There is theory and there is practice. Individuals with consistent outperformance do exist, here and elsewhere, and it is more of an achieveable goal than you make it out to be. And you don't have to frequently trade either; in fact with low commissions nowadays many stockpickers will pay less in fees than indexers by virtue of the latter's MERs. Stockpicking does not necessarily equal high turnover.

As an aside, in theory I'd rather sell VXX calls than buy puts. That way you're selling both premium and volatility. But in practice, this could blow up in one's face.


----------



## fatcat (Nov 11, 2009)

andrewf said:


> My point on active management is that on average, active investing adds no value. This is because alpha is zero sum. Unless you think you are above average... Alpha is hard to earn consistently. There is evidence to support value and momentum factors, but these can be achieved through low-cost indexing and without high levels of portfolio turnover. And alpha generated from these strategies strictly comes at the expense of other active investors.
> 
> ~ 85% of my portfolio is index ETFs and shares of my employer (share ownership program that I trim periodically).
> 
> ...


 +1 from me ... 



> *argo said:* Individuals with consistent outperformance do exist, here and elsewhere


who and for how long ? ... sure, all kinds of people outperform the market for x periods of time ... but eventually the market wins .. it's all about time ... none of this makes any sense unless you define your time horizon ... the OP will be investing for the next 40 years ... if he can beat the market over that time period he needs to get himself in the equities business because he's wasting his time doing whatever he is doing now


----------



## andrewf (Mar 1, 2010)

Writing VXX calls requires more capital to ride out margin calls, and that risk is very truly eliminated. Long puts have a fixed, manageable risk. Also, you can buy puts in a registered account.

Also, being short VXX is a roundabout way of selling option premium. Using a put on VXX is like reinsurance...


----------



## Belguy (May 24, 2010)

It's all too deep for me because I am a simple man. I have zero interest in research and statistical analysis as there are many other things that I prefer to do with my time.

That is why I am a 'Couch Potato' investor. Know yourself.


----------



## slacker (Mar 8, 2010)

Argo created a straw man.


1. Andrew claims "active management, on average, provides no return benefit"

2. Argo distorts Andrew's claim in #1 with "(Andrew) says nobody can beat the market"

3. Argo attacks the distorted claim #2 with "Outperforming the couch potato is very possible", and conclude Andrew's claim #1 is without merit


Just a argument nerd...


----------



## andrewf (Mar 1, 2010)

I was being polite. Claim 1 above got me called a vile, awful, despicable human being a couple weeks ago, so I thought Argo was being pretty mild.


----------



## Argonaut (Dec 7, 2010)

When a child expresses interest in playing a sport, should we say, "On average, kids do not make it to higher level in sport.
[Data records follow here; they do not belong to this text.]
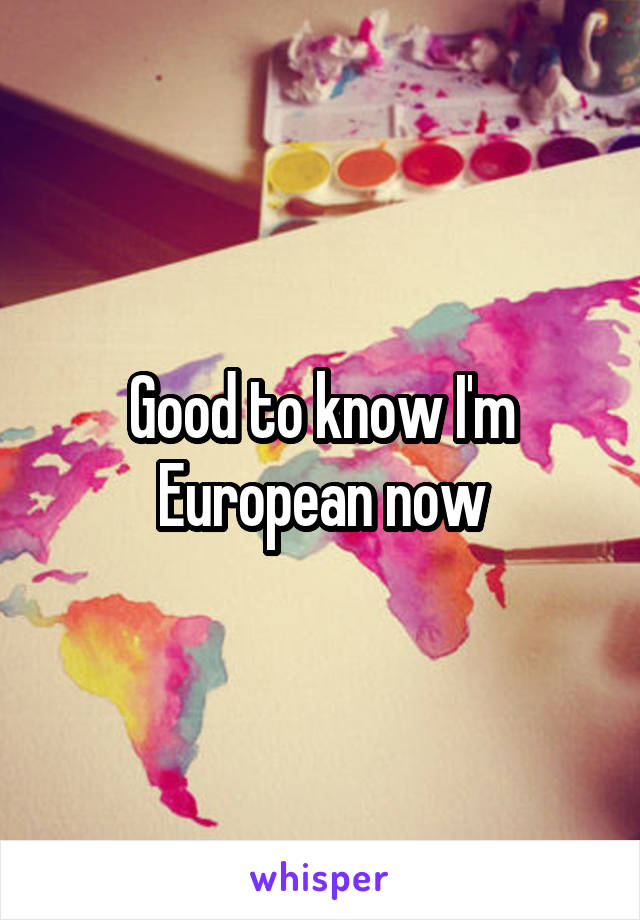 Good to know I'm European now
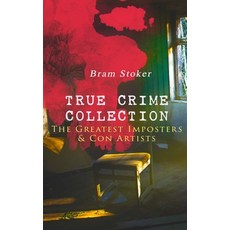 (英文圖書)True Crime Collection - The Greatest Imposters & Con Artists 平裝版, E-Artnow, English, Paperback
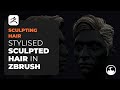 Stylised sculpted hair in zbrush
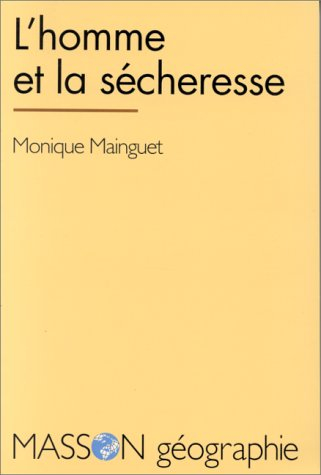 L'homme et la sécheresse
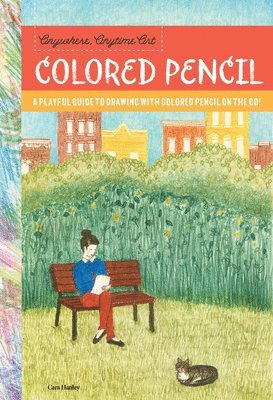 Cara Hanley - Anywhere, Anytime Art: Colored Pencil: A Playful Guide to Drawing with Colored Pencil on the Go!, Häftad
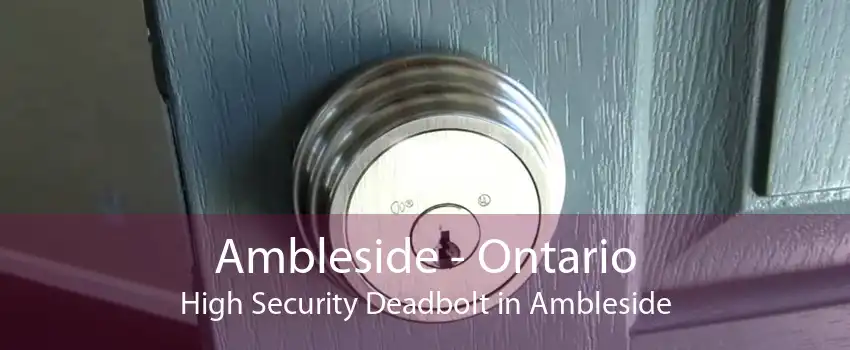 Ambleside - Ontario High Security Deadbolt in Ambleside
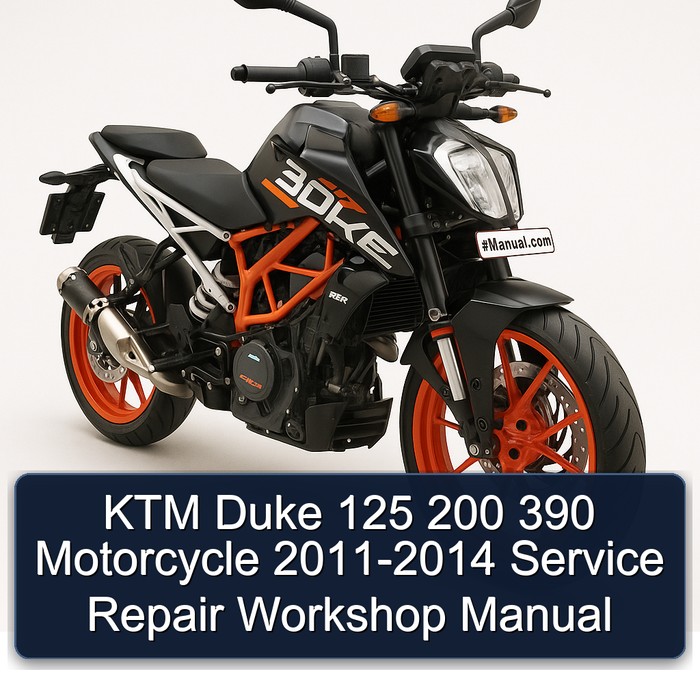 KTM Duke 125 200 390 Motorcycle 2011-2014 Service Repair Workshop Manual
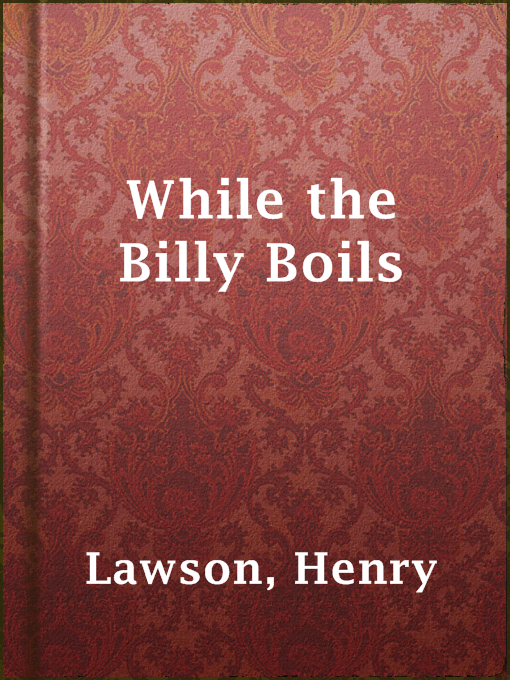 Title details for While the Billy Boils by Henry Lawson - Available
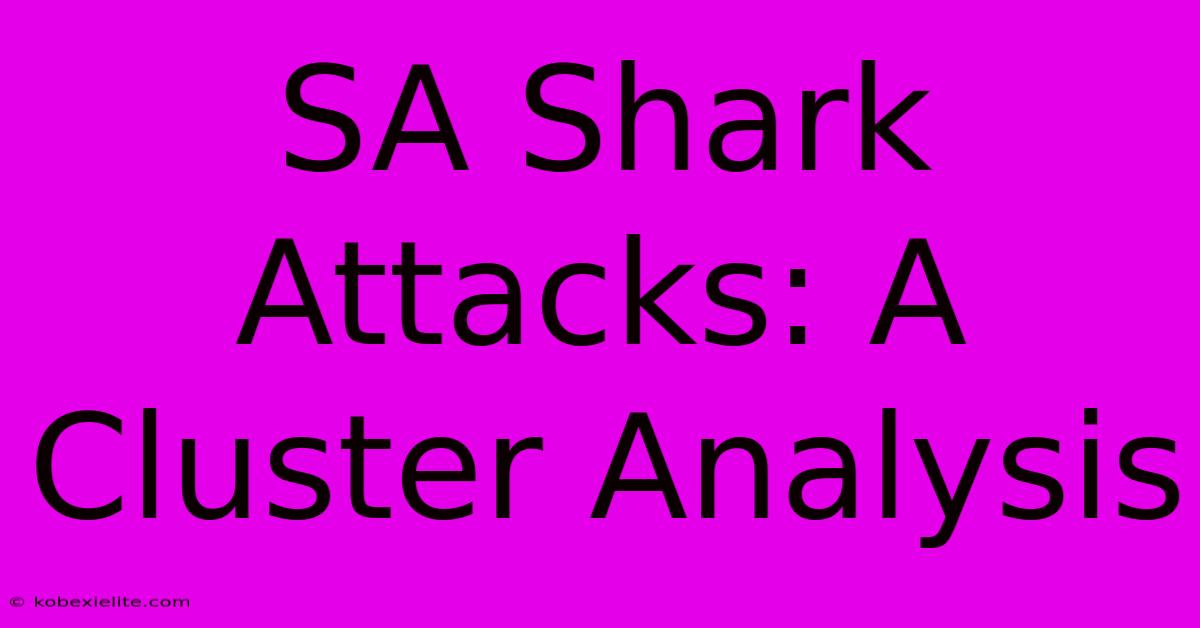 SA Shark Attacks: A Cluster Analysis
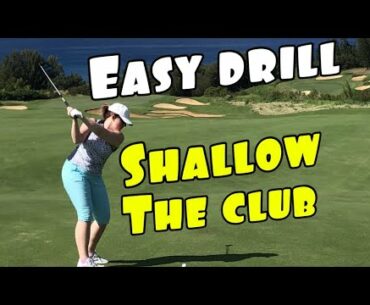 EASIEST DRILL TO SHALLOW THE GOLF CLUB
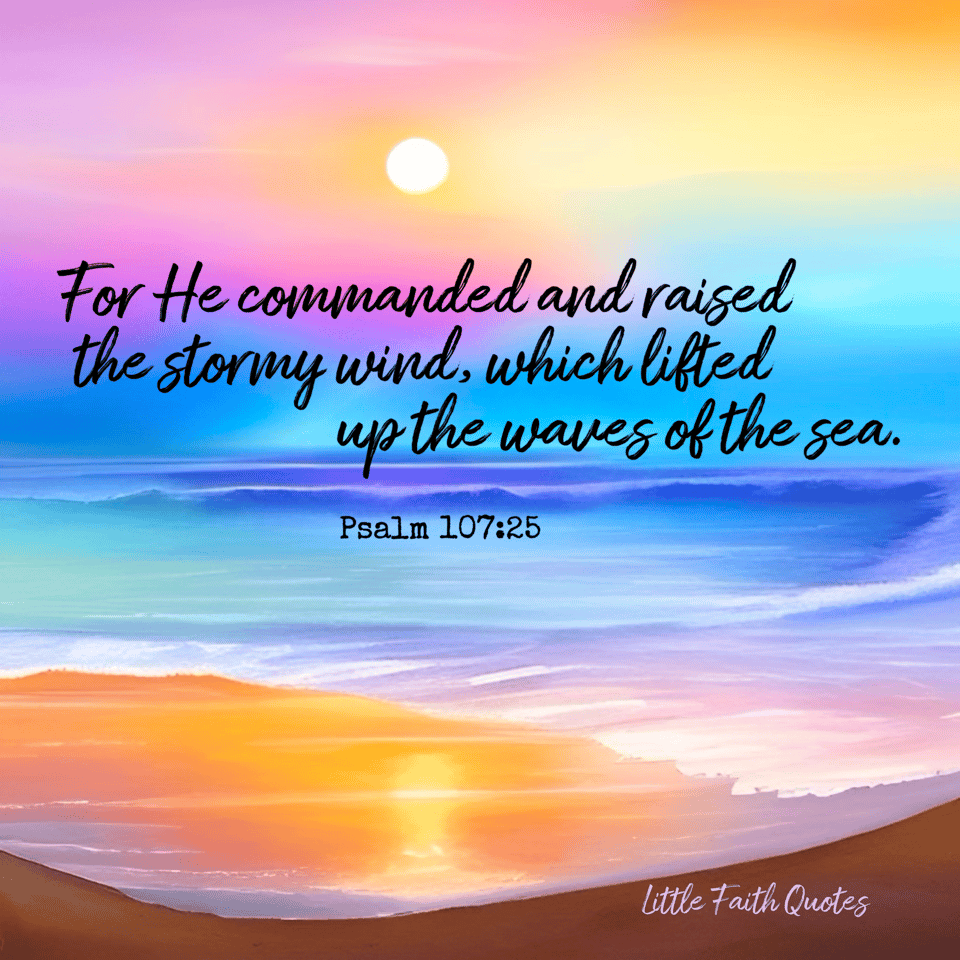 "For He commanded and raised the stormy wind, which lifted up the waves of the sea." ~Psalm 107:25. The sun sets in a pastel pink, yellow, and blue sky. Blue and teal waves crash against a sandy beach. Image by: @Little Faith Quotes.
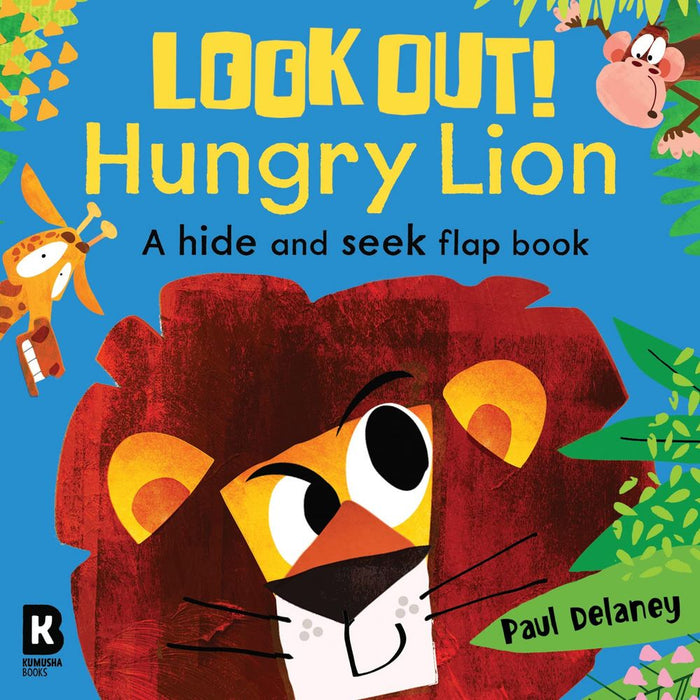 Look Out! Hungry Lion (Board book – Lift the flap)
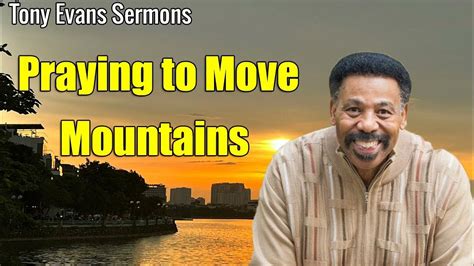 Praying To Move Mountains Tony Evans Sermons 2023 Youtube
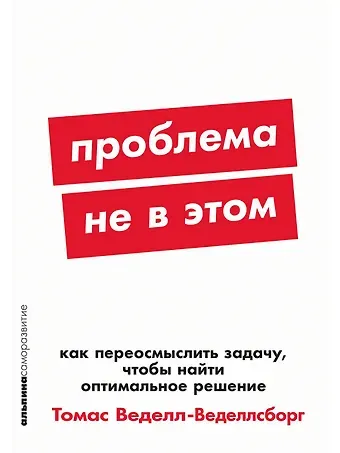 Томас Веделл-Веделлсборг Проблема не в этом: Как переосмыслить задачу, чтобы найти оптимальное решение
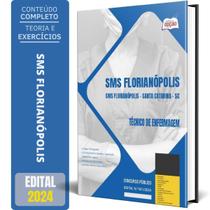 Apostila Sms Florianópolis Sc 2024 - Técnico De Enfermagem - Apostilas Opção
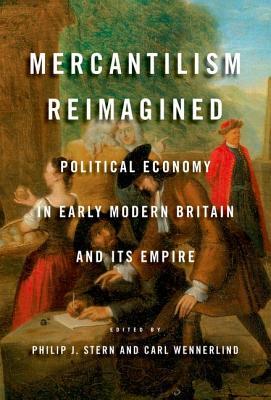 Mercantilism Reimagined: Political Economy in Early Modern Britain and Its Empire (Hardcover)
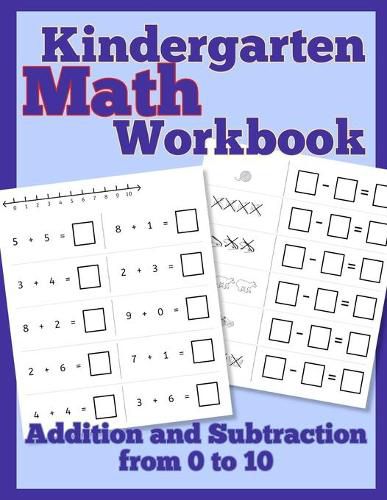 Cover image for Kindergarten Math Workbook: Addition and Subtraction from 0 to 10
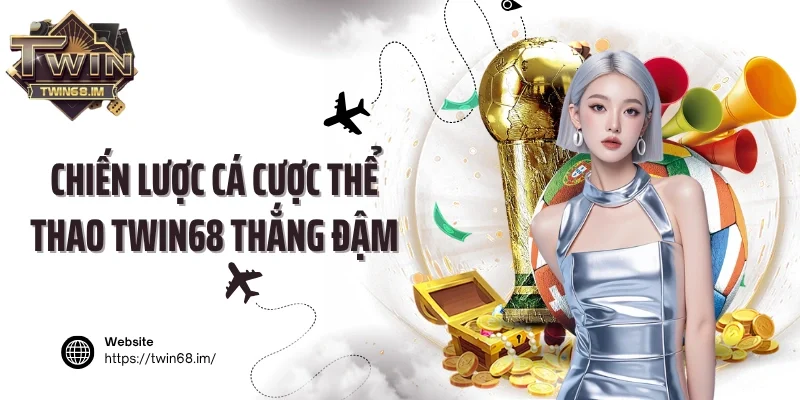 Chiến lược cá cược thể thao Twin68 thắng đậm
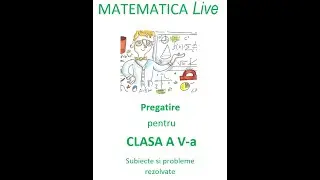 Lectia 9 - Pregătire la matematica - Clasa 5 - Culegeri digitale - Continut video si PDF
Instead, spend your time on general exercise." Or if a teenager wishes to become a doctor, should we tell them, "On average, students flunk out before they complete Med school, so go take general courses at the community college instead." The OP expressed interest in outperforming, so rather than sending him directly to the couch, I would nurture this ambition.

The acceptance of mediocrity is a strange concept to grasp; yet many seem to embrace it, even worship it as a mantra of sorts.


----------



## slacker (Mar 8, 2010)

Agreed, that there is a certain cult like following with the whole passive/couch style of investing, at least as far as it pertains to a minority of couch advocates. The efficient market theory always seem overstated to me.

PS: I am a complete couch potato portfolio though, doesn't mean I don't notice the oddity around it's "believers".


----------



## slacker (Mar 8, 2010)

Argonaut said:


> When a child expresses interest in playing a sport, should we say, "On average, kids do not make it to higher level in sport. Instead, spend your time on general exercise." Or if a teenager wishes to become a doctor, should we tell them, "On average, students flunk out before they complete Med school, so go take general courses at the community college instead." The OP expressed interest in outperforming, so rather than sending him directly to the couch, I would nurture this ambition.
> 
> The acceptance of mediocrity is a strange concept to grasp; yet many seem to embrace it, even worship it as a mantra of sorts.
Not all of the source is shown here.